While talking to The Financial Express, economists put forward the suggestions as inflation in Bangladesh hit high at 10.87 per cent year-on-year in October 2024.
According to the Bangladesh Bureau of Statistics (BBS), food inflation reached 12.66 per cent, with rural food inflation even higher at 12.75 per cent-the levels not seen in many years. However, non-food inflation maintained relatively lower levels.
Dr. Zahid Hussain, a former lead economist at the World Bank, said that the central bank should stick to its tight monetary policy stance without wavering.
"This is crucial for controlling domestic demand growth and stabilising the exchange rate to prevent inflation from escalating further," he noted.
However, he warned that the tight monetary policy alone may not bring inflation down quickly. "Supply-side efficiency is essential. Relying on ineffective measures like market policing only exacerbates the problem," he added.
He emphasized that the focus should be on making markets more competitive rather than controlling prices through directives and fines that often lead to supply chain disruptions as the suppliers tend to recover fines by increasing the prices.
Dr. Mohammed Abdur Razzaque, chairman of the Research and Policy Integration for Development (RAPID), suggested a combined approach of the current contractionary monetary policy and a reduced public spending. Additionally, he recommended increasing imports of essential items.
"The persistent pressure on foreign reserves means traders still struggle to finance imports," he explained.
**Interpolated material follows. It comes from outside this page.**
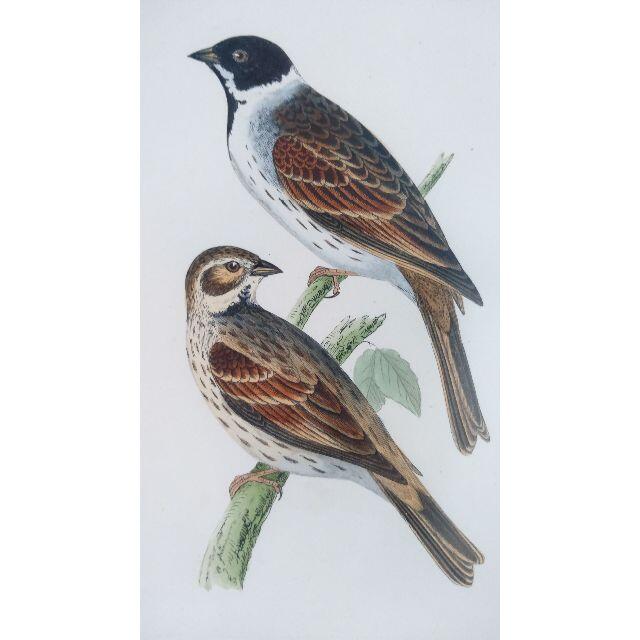 鳥の絵の額装品 ズグロチャキンチョウ(Black-headed Bunting) エンタメ/ホビーの美術品/アンティーク(版画)の商品写真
Dr. M. Masrur Reaz, chairman of the Policy Exchange of Bangladesh, noted that market monitoring is critical, particularly with cartel-like organisations manipulating prices, as seen recently with onions and eggs.
"This is a governance issue that needs to be addressed seriously," he stated.
He also emphasised that the easing of import restrictions is crucial to improving supply and reducing inflationary pressures. "Without returning import levels to normal, supply constraints will persist, further driving up inflation."
In mid-2022, Bangladesh Bank increased the letter of credit (LC) margin to stabilise foreign reserves, which had been declining rapidly following the outbreak of the Ukraine war.
However, the reserve situation is now improving due to increased remittance inflows and export revenues.
Dr. Masrur pointed out that the government has implemented several measures to address the economic situation, including setting the policy rate at 10 per cent. It has stopped printing money.
Additionally, the government has introduced fiscal measures, such as reducing import duties, to help facilitate essential imports.